Thursday, May 24, 2007


The Yiddish Policeman's Union is another great book from Michael Chabon. It works very well as a literary novel, and reasonably well as a mystery.

Like other literary mysteries, the story is not the main point. Instead it is about a person, Detective Landsman, who acts despite apparent futility of action. He works in the Yiddish District of Sitka, an autonomous region of Alaska given to European Jews in the 40s, which is now reverting to Alaska. And the locals are looking forward to the Jews leaving. Landsman pursues a case, despite being told to drop it. His friends and family's experiences nicely tell the story of an people out of place, trying and occasionally succeeding in making a home.

My main complaint is that it suffers from some of the problems of the mystery genre. In more mysteries than not, good ones included, once you learn what is happening, it all seems pedestrian. Once the plot behind the murder is revealed, it does feel a bit like a let down. It also feels a bit tacked on. You can argue it makes sense in the political context established in the book, but I thought it was dissatisfying.
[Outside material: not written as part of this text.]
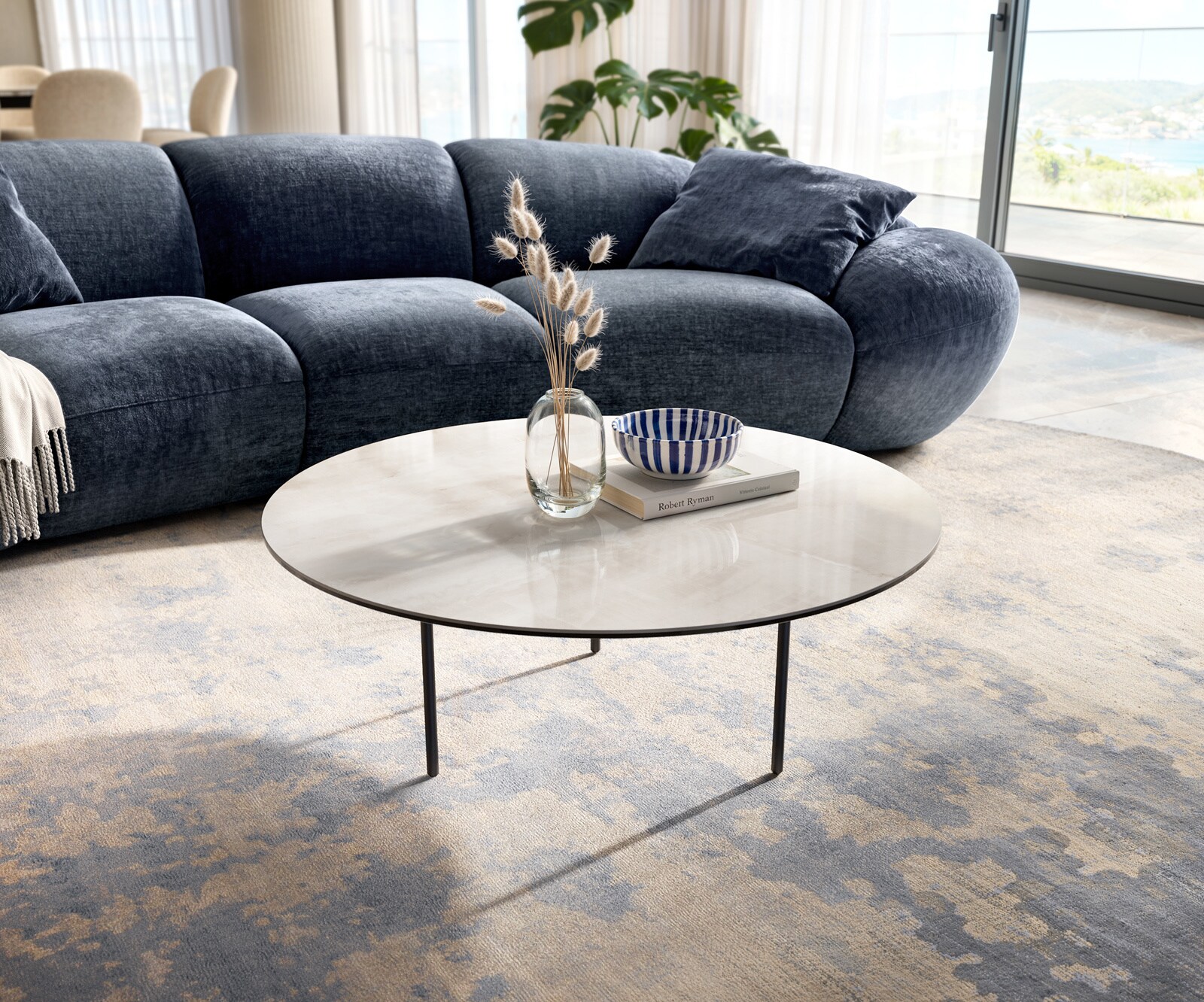 Stolik kawowy Edge okrągły 90x90 cm ceramika Onyx Champagne podstawa Trive metal czarny 1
Like the great mystery writers of the 50s, Chabon is taking a much more stronger political stance than I have seen in his other books. I thought this worked well and made perfect sense. The fate of the minority in an alien society is front and center in this book. Middle Eastern and by extension American politics creeps in slowly over time. He has a jaundiced view of it, which he makes clear in the end, particularly in the closing paragraphs.